# Survival Footwear



## BobR1 (Jan 13, 2011)

In another post OldCooteHillBilly mentioned footwear as a Survival Preperation Item. This got me to thinking. I normally keep extra gloves around because they wear out quickly when used hard. I have not kept extra boots as part of my survival preperation inventory however. 
The last 5 pairs of lace up boots I have bought have all been pitiful quality. The last pair were camo Cordura lace ups from Wal-Mart. They started to come unstitched at about 3 months. I live in the country and I am hard on gear. I am out cutting fire wood, fixing fence, building things, etc all the time. I am a good test subject for using gear, and seeing how it holds up.

Bottom line the last 5 pair of boots have all been made in China or possibly Vietnam on the 511 Brand boots. While they all looked good when I bought them, they all came apart when used hard way too soon. Not good when your gear may need to stay together for a long time while used hard.

This is a subject worth a little research to determine what one should buy. I am sure you can still buy good boots that stay together, a source other than Wal-Mart is going to be called for on this one. 

Lets look into this a little deeper. Footweat is fairly important. It is a lot more important when you are barefoot, which you will be shortly with China made boots in a survival situation.


----------



## Tirediron (Jul 12, 2010)

We buy Dakota boots , supplied by marks work wear house in Canada. They are made in vietnam. the quality is good the price is reasonable , under $200 for solid work boots. they also make a leather winter boot with a removable liner, by far the best winter boot that I have ever had, also around $200, they seem like they will last for years if maintained.:beercheer:


----------



## philjam (Dec 17, 2008)

Muck boots are comfortable, warm and reasonable.


----------



## Reblazed (Nov 11, 2010)

I have a friend that swears by these .... unfortunately, they do not make a size small enough for me.

Mickey Mouse Boots $69.99 | Bunny Boots | Bata Military Boots


----------



## OldCootHillbilly (Jul 9, 2010)

I buy my work boots at Mills Fleet Farm, there fin an feather brand. I do construction work fer the state, perty rough on the boots, I get bout 2 years outa them before I put them in second string an buy a new pair.

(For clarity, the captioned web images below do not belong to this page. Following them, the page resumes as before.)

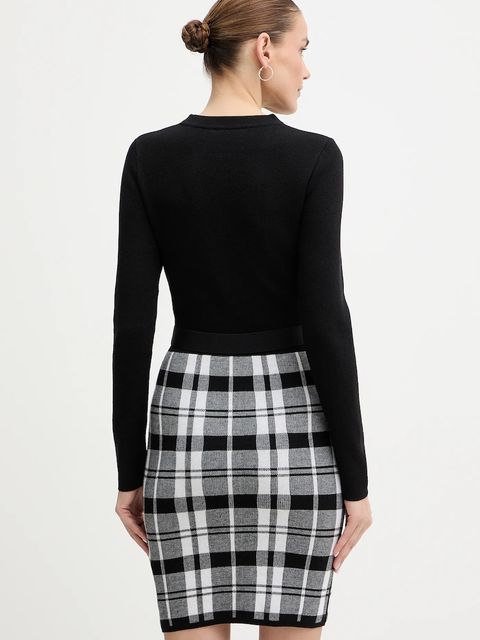 Guess sukienka z domieszką wełny CORALINE kolor czarny mini dopasowana W5BK44 Z3JD2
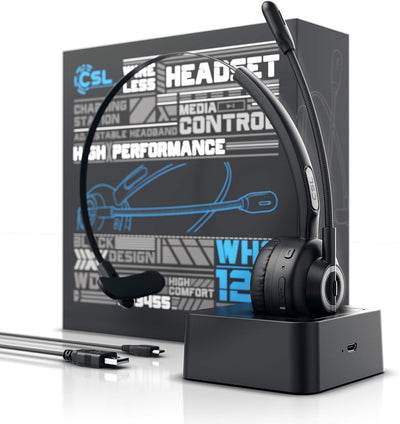 CSL - kabelloses Headset mit Ladestation - Mono Bluetooth Headset mit Mikrofon - USB Ladeport - Mult
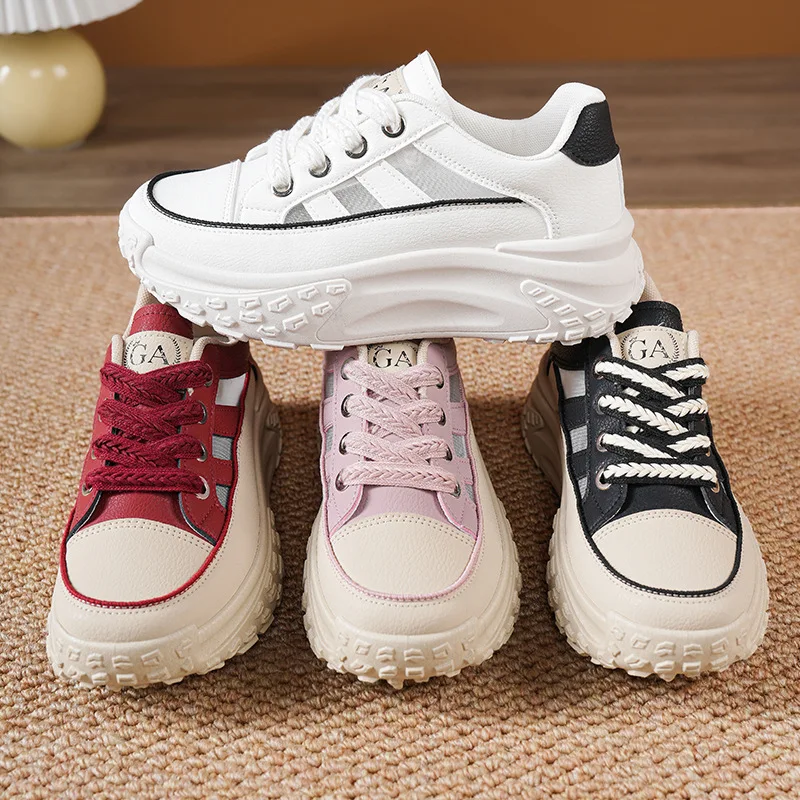 Women's Shoes Chunky Sneakers Mesh Breathable Platform Sports Shoes Woman Lace Up Thick Sole Casual Sneaker Zapatillas Mujer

In the winter, most a the time I get buy with a good pair of undersocks followed by wool socks, my work boots an a pair a 5 buckle overshoes on top. When the temp gets well below zero I switch ta a pair of LaCrosse pack boots.


----------



## JayJay (Nov 23, 2010)

Reblazed said:


> I have a friend that swears by these .... unfortunately, they do not make a size small enough for me.
> 
> Mickey Mouse Boots $69.99 | Bunny Boots | Bata Military Boots


Ahhh...I have a book that starts at size 4---these are next on my list after checking at TSC first...

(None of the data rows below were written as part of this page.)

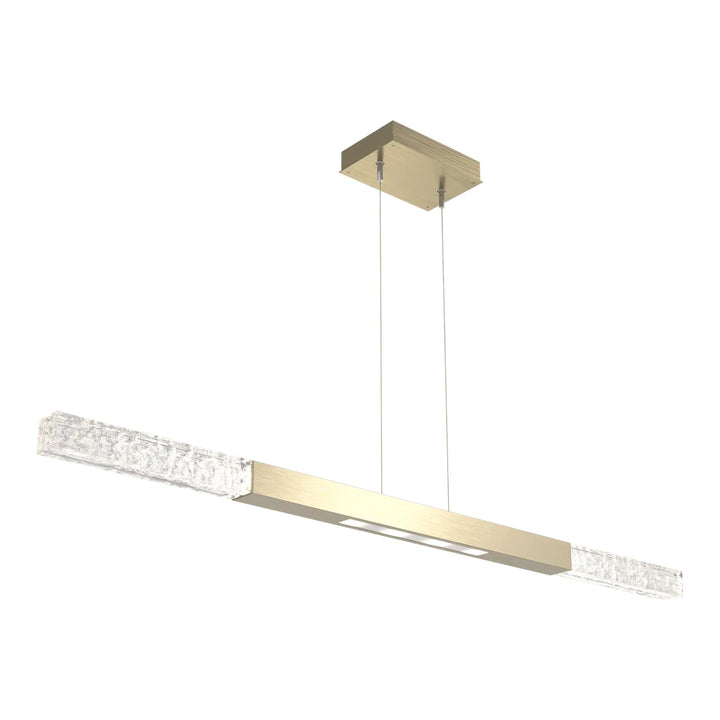 Axis Moda Single Linear Chandelier by Hammerton Studio in Heritage Brass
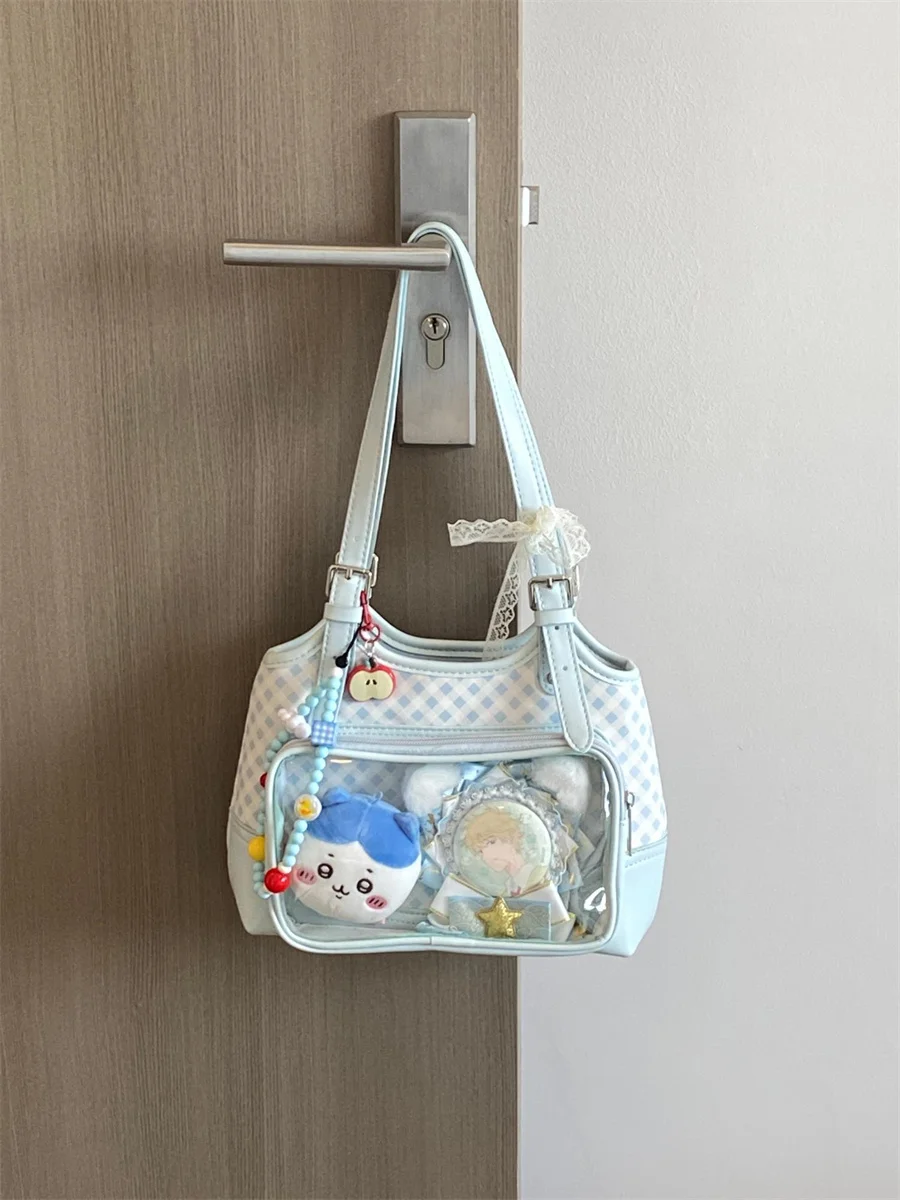 

Original Lolita Ladies Handbag Daily Commuter Handbag Shoulder Bag Y2K Blue Plaid Small Capacity Transparent Pain Bag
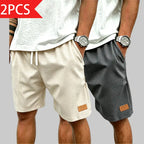 Men's Casual Waffle Shorts, Loose Straight Cut Athletic Style with Drawstring, Breathable Menswear for Summer, Stylish, Mens Clothing, Active, Enhance Your Wardrobe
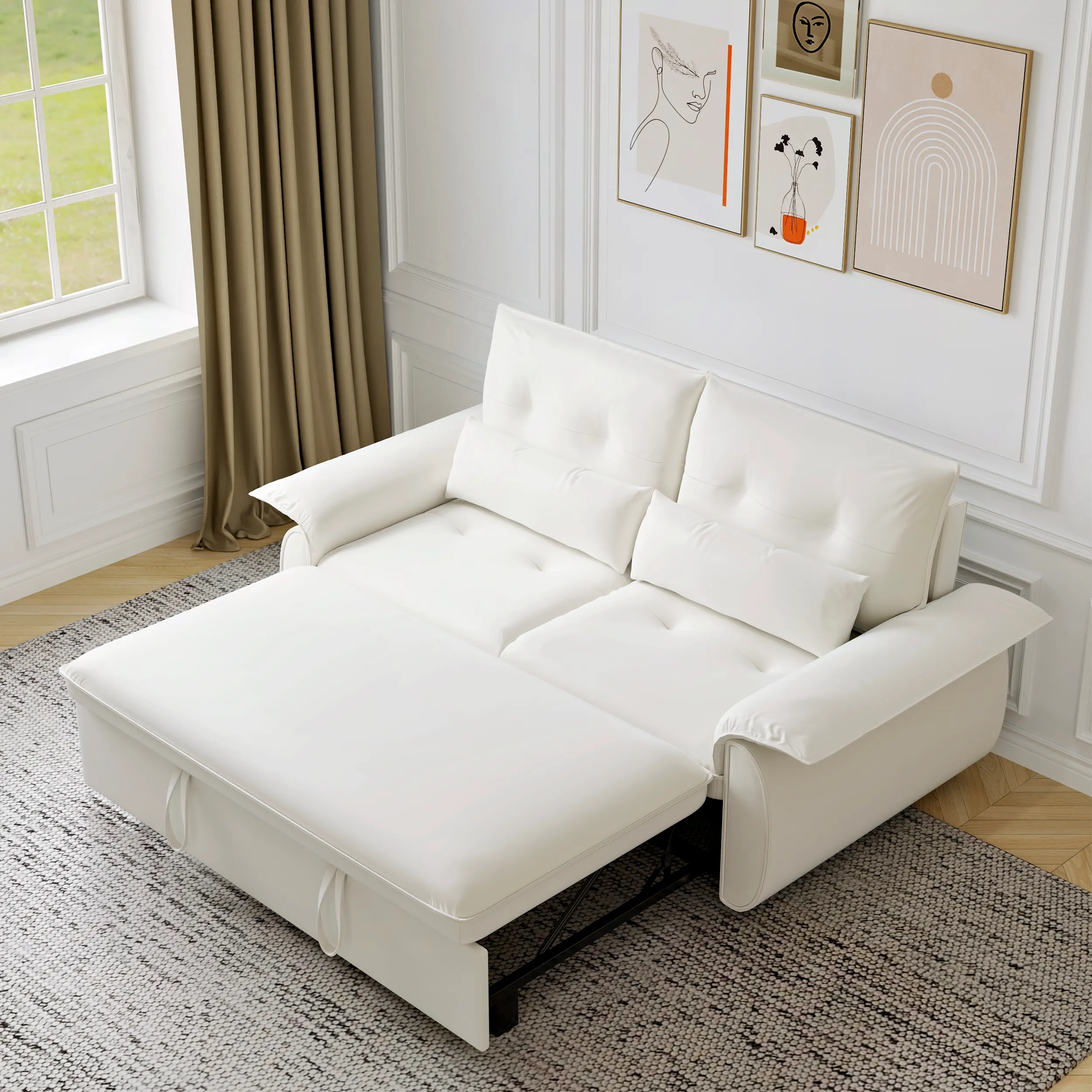 73" Pull Out Sleeper Sofa Bed - White, Faux Leather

I ordered a military tent stove --it was here in less than a week and I have extremely cold hands and feet, so boots are next on my list--

1-888-478-7758 
# 0801 black with valve ( size 4-14 wide, narrow, and regular) -20 degrees guaranteed!!! 69.00

Coleman's Military Surplus
Coleman's Military Surplus, army surplus. survival gear, hunting, camping gear


----------



## Jason (Jul 25, 2009)

I like Timberlands. I had a pair of Timberland Pro's that claimed to be water proof (they're not) that fit like sneakers right out of the box. Work pays for one pair of boots every 2 years up to $150 but will replace them sooner if they have degraded to the point that they are no longer compliant to the safety regs in the level of protection they provide. I wear them a lot, and not just at work. I keep old boots as a "second string" as Old Coot said. My Timberlands just split across the sole after about a year and a half so I got a new pair of identical ones because they're so comfortable. They're made in China, of course.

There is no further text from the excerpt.